* Task input *
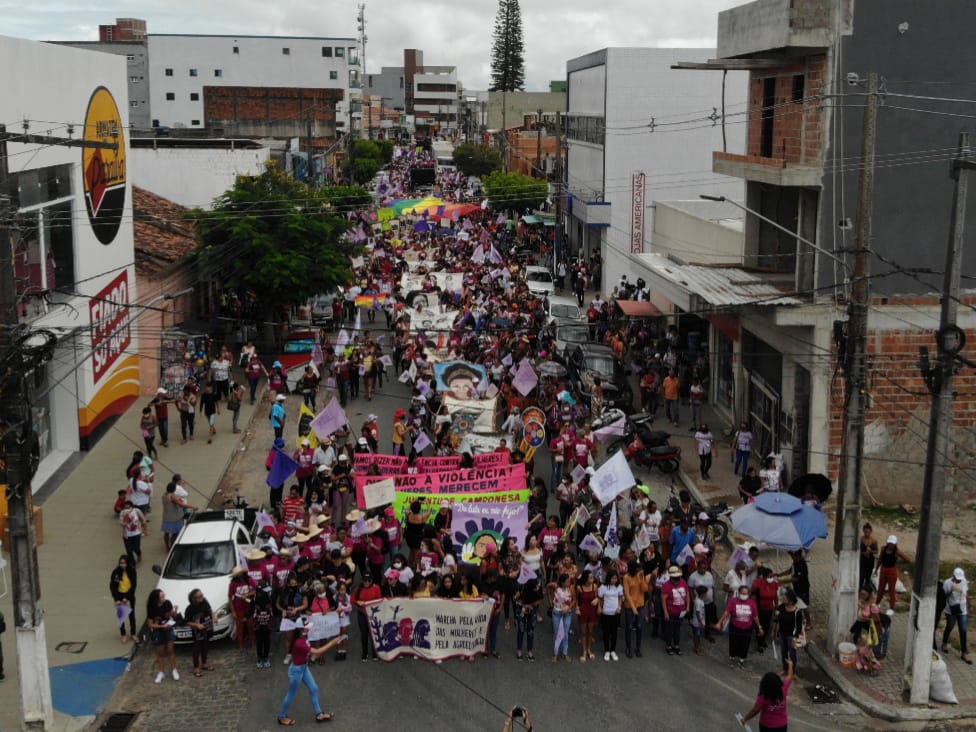 Mulheres agricultoras do RN marcham na Paraíba contra impacto negativo da energia eólica na zona rural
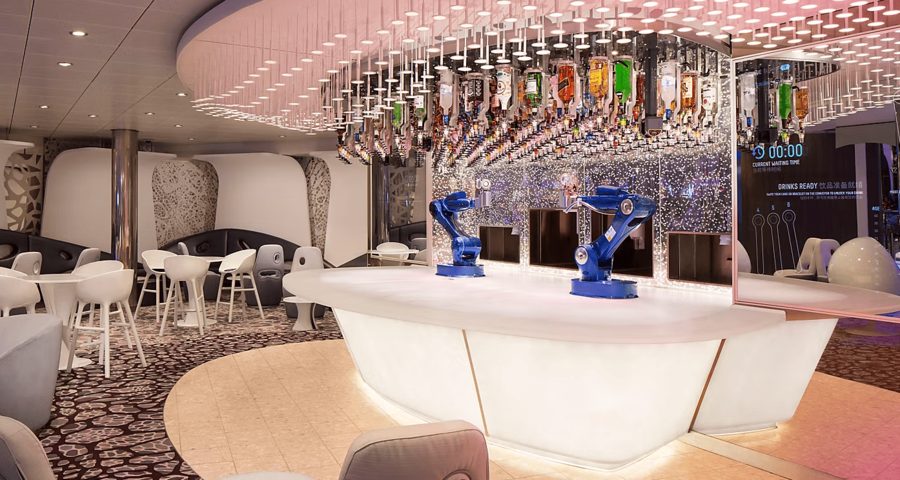Bionic Bar с роботами-барменами на Wonder of the Seas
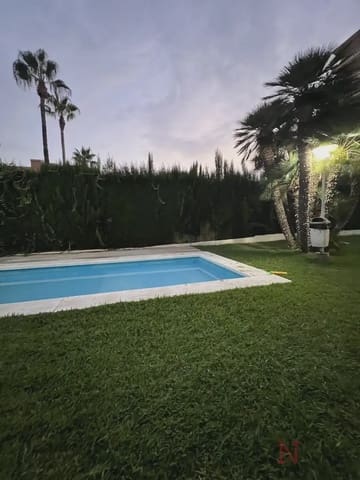 3 sypialnia Apartament przy plaży na sprzedaż w El Grau de Castelló, Castelló de la Plana z basenem garażem - 395 000 € (Ref: 10081672)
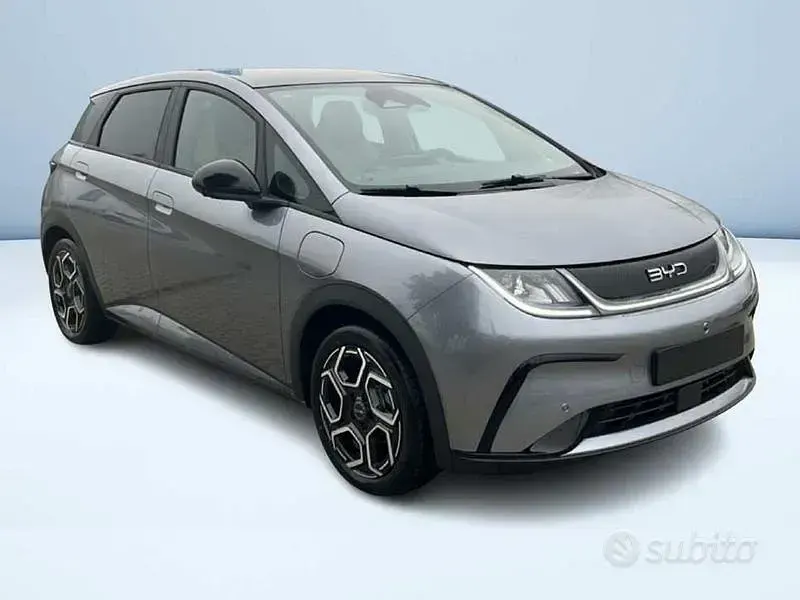 Nuova BYD Dolphin Design 149 kW (203 CV) 2026 Grigio Utilitaria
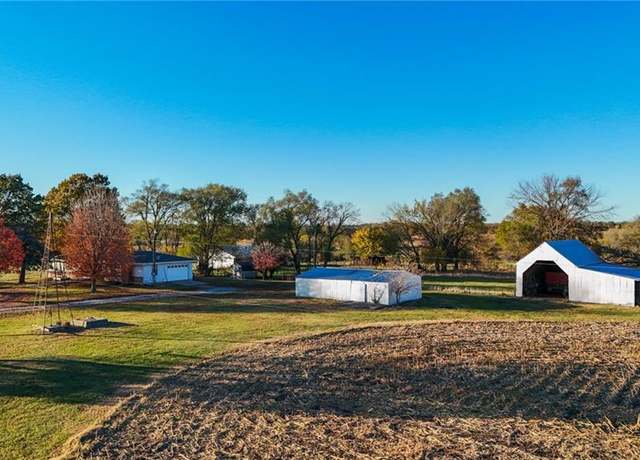 Property at 2334 N 100 Rd, Wellsville, KS 66092, 3 beds, 1.5 baths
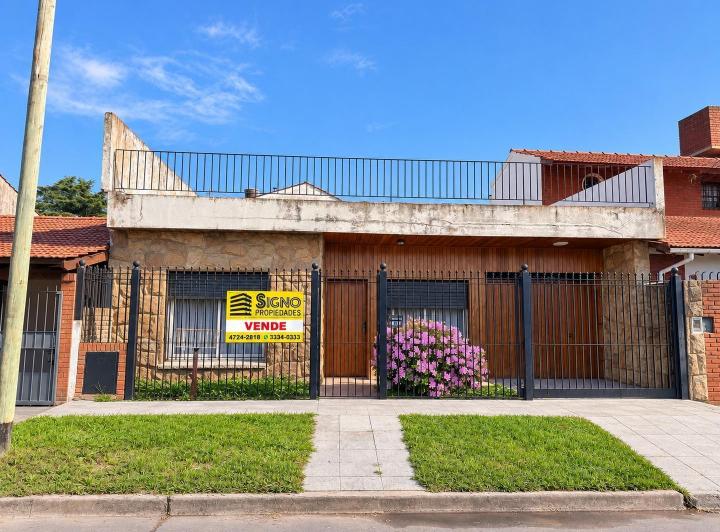 Casa · 120m² · 4 Ambientes · 1 Cochera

* Aim of the exercise *
Only the pictures stay out; everything else in the listing above must be repeated exactly.

* Answer space *
 Mulheres agricultoras do RN marcham na Paraíba contra impacto negativo da energia eólica na zona rural
Bionic Bar с роботами-барменами на Wonder of the Seas
 3 sypialnia Apartament przy plaży na sprzedaż w El Grau de Castelló, Castelló de la Plana z basenem garażem - 395 000 € (Ref: 10081672)
 Nuova BYD Dolphin Design 149 kW (203 CV) 2026 Grigio Utilitaria
 Property at 2334 N 100 Rd, Wellsville, KS 66092, 3 beds, 1.5 baths
 Casa · 120m² · 4 Ambientes · 1 Cochera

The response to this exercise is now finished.